### Supplied entries
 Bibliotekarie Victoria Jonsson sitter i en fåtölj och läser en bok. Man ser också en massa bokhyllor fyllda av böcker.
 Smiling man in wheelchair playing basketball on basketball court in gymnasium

==

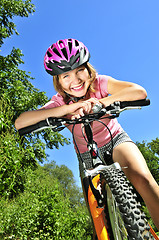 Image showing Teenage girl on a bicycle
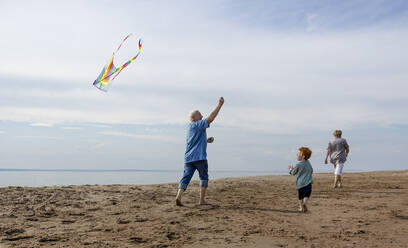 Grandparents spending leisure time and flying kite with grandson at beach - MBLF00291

### Problem to solve
Above, find the line with "Image showing Teenage girl on a bicycle"; copy it and every line down to the line with "Grandparents spending leisure", exactly and both included, but no pictures.

### Task answer
 Image showing Teenage girl on a bicycle
 Grandparents spending leisure time and flying kite with grandson at beach - MBLF00291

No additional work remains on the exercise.